** YOUR TASK **
Output the data below exactly, images excluded.

** DATA EXTRACT **
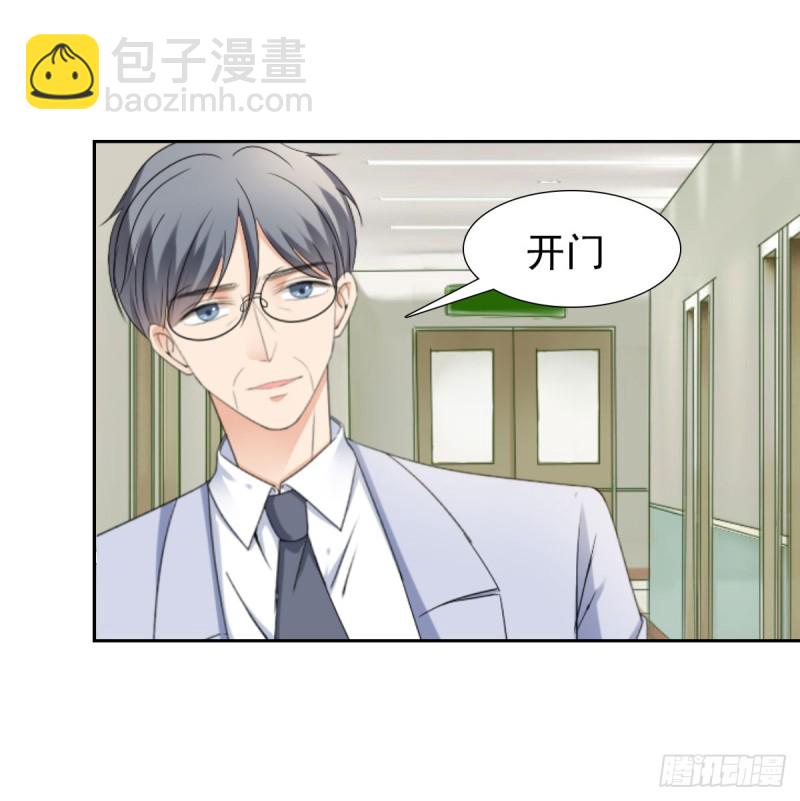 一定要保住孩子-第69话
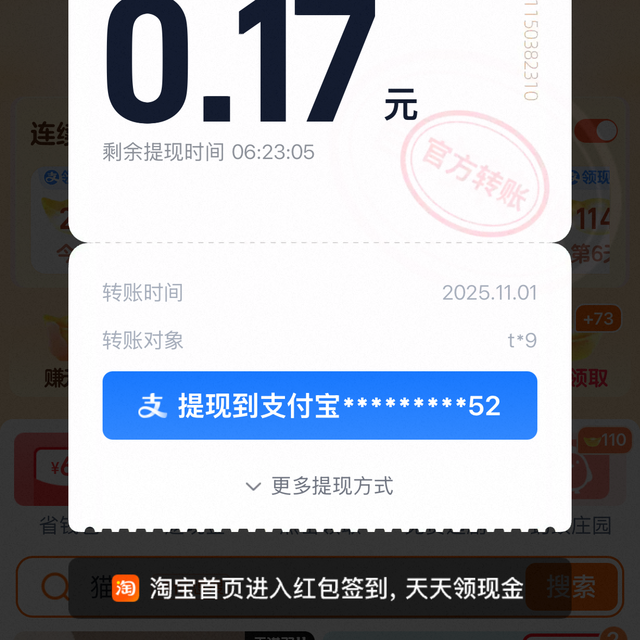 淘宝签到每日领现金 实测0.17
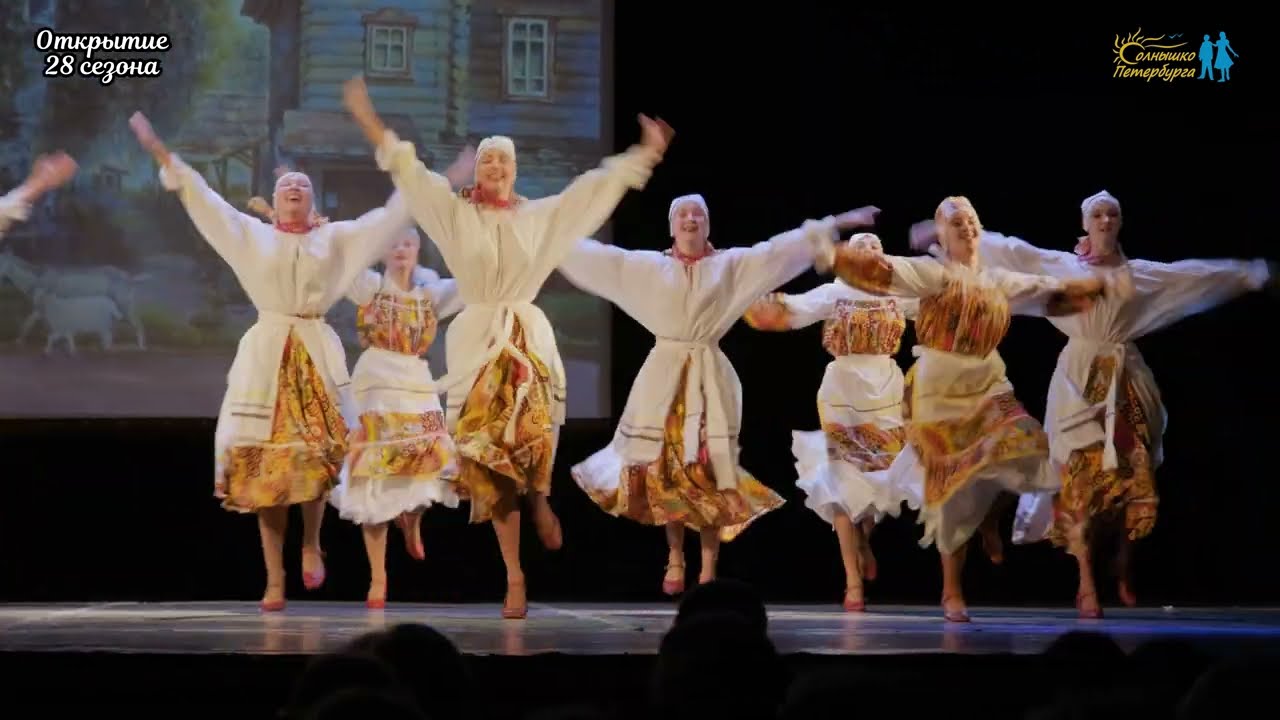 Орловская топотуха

** EXERCISE OUTPUT **
 一定要保住孩子-第69话
 淘宝签到每日领现金 实测0.17
 Орловская топотуха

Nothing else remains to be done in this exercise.